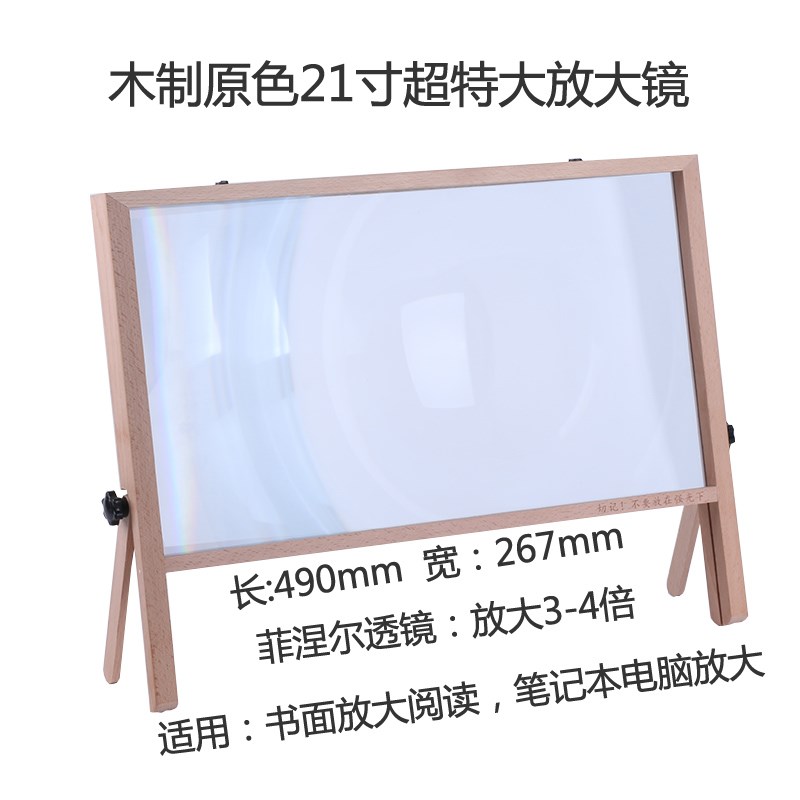 笔记本电脑放大镜超大21寸460mm老人看书阅读看琴谱玩游戏放大器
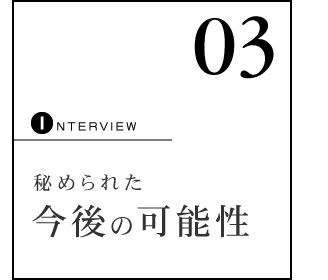 秘められた今後の可能性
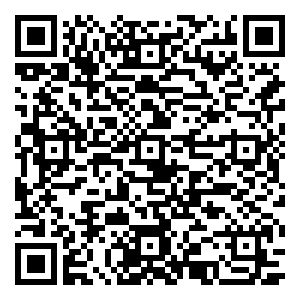 微信“相知多年，感谢陪伴”见面礼小程序游戏二维码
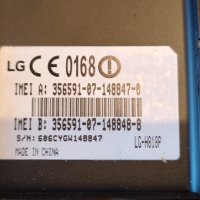 LG G4 Dual (H818P), снимка 2 - LG - 42531143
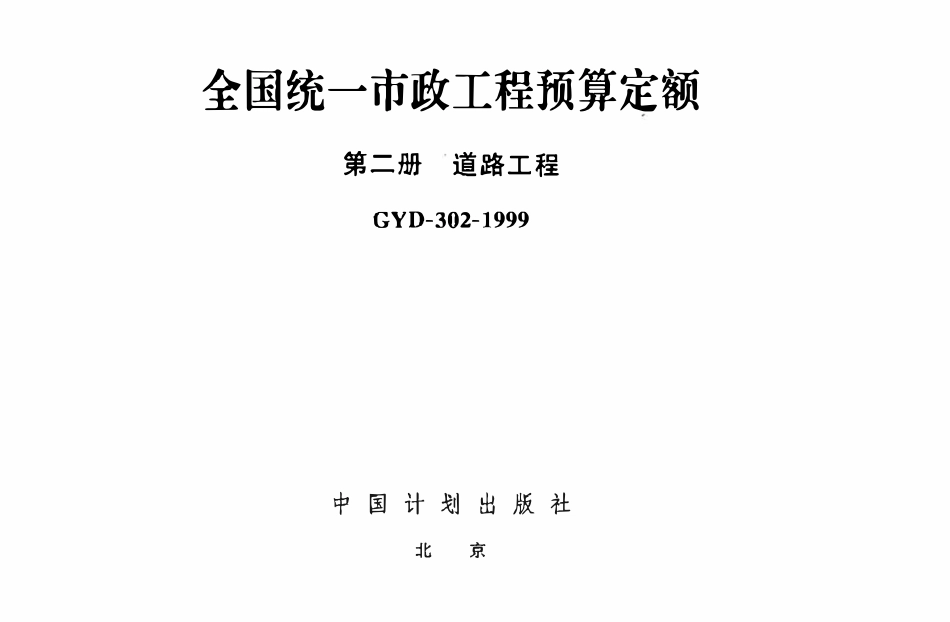 GYD-302-1999 全国统一市政工程预算定额 第2册 道路工程.pdf_第1页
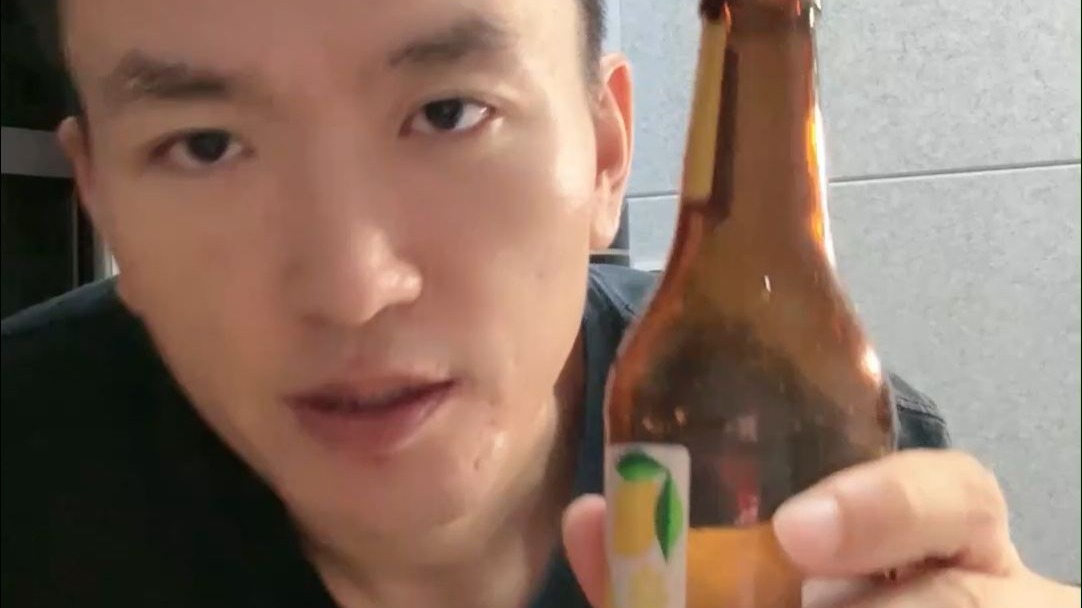 我干了，大家随意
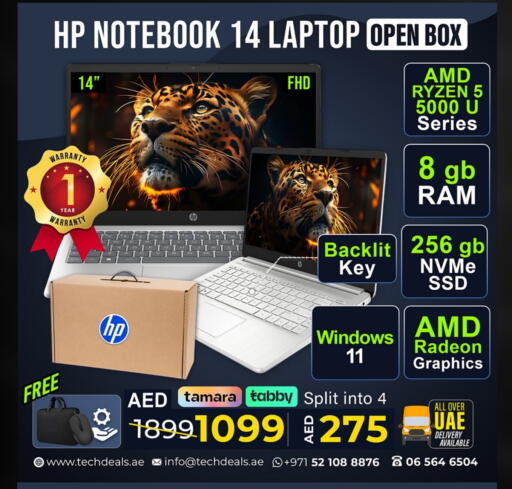 HP Laptop available at TechDeals Electronics Trading in UAE - Dubai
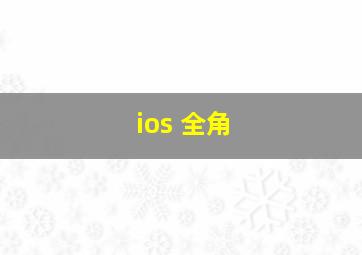 ios 全角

⁂

● GOAL OF THE EXERCISE: Repeat the records word for word. Any picture in them should be left out.

● EXERCISE RESULT:
 笔记本电脑放大镜超大21寸460mm老人看书阅读看琴谱玩游戏放大器
 秘められた今後の可能性
 微信“相知多年，感谢陪伴”见面礼小程序游戏二维码
 LG G4 Dual (H818P), снимка 2 - LG - 42531143
 GYD-302-1999 全国统一市政工程预算定额 第2册 道路工程.pdf_第1页
 我干了，大家随意
 HP Laptop available at TechDeals Electronics Trading in UAE - Dubai
 ios 全角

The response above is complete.